A eliminação do CUC ou "unificação monetária" é acompanhada por outras reformas complementares. Uma delas é no salário, que implica um forte aumento nominal dos salários com o duplo propósito de atenuar os efeitos da inflação projetada e compensar uma redução geral dos subsídios estatais. Esta última é a outra reforma complementar: redução, e em muitos casos eliminação direta, de subsídios "desnecessários" e gratificações "indevidas".

É assim que a burocracia do Partido Comunista Cubano qualifica hipocritamente as conquistas sociais, enquanto vive cheia de privilégios e muitos funcionários vivem da riqueza.

Ajuste às massas trabalhadoras

Estima-se que a inflação em produtos de consumo geral, especialmente os importados, poderia ficar em torno de 1200%, enquanto o aumento geral dos salários seria em torno de 800%. Manter parte dos subsídios na caderneta de racionamento faria com que esses produtos "regulamentados" aumentassem "apenas" 12%.

A isto deve ser adicionado um aumento nas taxas de serviços públicos como eletricidade e telefonia entre 300% e 600%, e da mesma forma no campo da cultura e recreação (museus, teatros, cinemas, etc.).

Essa é a inflação “projetada”, segundo a desonesta resolução da cúpula do PCC lida em 10 de dezembro pelo presidente Díaz-Canel junto com Raúl Castro, que decidiu descarregar mais uma vez a crise sobre os trabalhadores.

Economistas liberais como Carmelo Mesa-Lago da Universidade de Pittsburg (EUA) ou Pavel Vidal da Universidade Javeriana de Cali (Colômbia) saudaram a medida (eles a exigiam há anos) como "um passo no caminho certo" . Mas eles argumentam que para evitar uma escalada inflacionária, mais medidas devem ser tomadas para abrir a economia e "atrair investimentos" para abastecer a economia com dólares.

É a receita liberal clássica com a qual os profissionais a serviço da classe dominante procuram cobrir os olhos dos trabalhadores.

Na verdade, caso tal cenário de investimento pudesse ocorrer, a economia poderia “se estabilizar” relativamente e no curto prazo apenas ao preço de leiloar ativos estatais, ou seja, empresas públicas, de forma que a partir de milhares de fechamentos e demissões, os capitais estrangeiros encontram um nicho para fazer negócios.

Esses economistas, amplificados pelos meios de comunicação de massa, escondem a realidade das massas trabalhadoras e contribuem para criar a falsa consciência de que "ao libertar a economia" irão melhorar as condições gerais de vida.
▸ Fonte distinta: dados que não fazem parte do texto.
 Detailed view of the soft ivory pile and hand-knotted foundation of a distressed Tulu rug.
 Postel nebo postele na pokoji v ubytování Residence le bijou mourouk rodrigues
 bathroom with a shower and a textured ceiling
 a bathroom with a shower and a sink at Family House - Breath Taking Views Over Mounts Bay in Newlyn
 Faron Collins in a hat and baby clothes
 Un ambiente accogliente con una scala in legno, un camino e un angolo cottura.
A única coisa que vai melhorar é a oportunidade de negócios para os empresários e para o alto escalão da burocracia do PCC a eles associada.
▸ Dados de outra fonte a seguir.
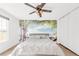 Bedroom featuring a ceiling fan and an accent wall with a palm tree design, creating a tropical feel at 4534 Nepal St, Denver, CO 80249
Maior abertura ao capital extrangeiro

Daí talvez a forte coincidência entre as medidas propostas pelos economistas liberais com as quais a burocracia vem implementando há 10 anos, embora não com o ritmo e a profundidade que os primeiros buscam.

Entre os dias 8 e 9 de dezembro, quase simultaneamente ao lançamento da Tarefa de Ordenamento, foi realizado em Havana o Fórum Empresarial Cuba 2020, evento que o governo organiza anualmente para promover o investimento estrangeiro e as exportações e conta com empresários de 90 países (principalmente da Índia, China, Rússia e Espanha).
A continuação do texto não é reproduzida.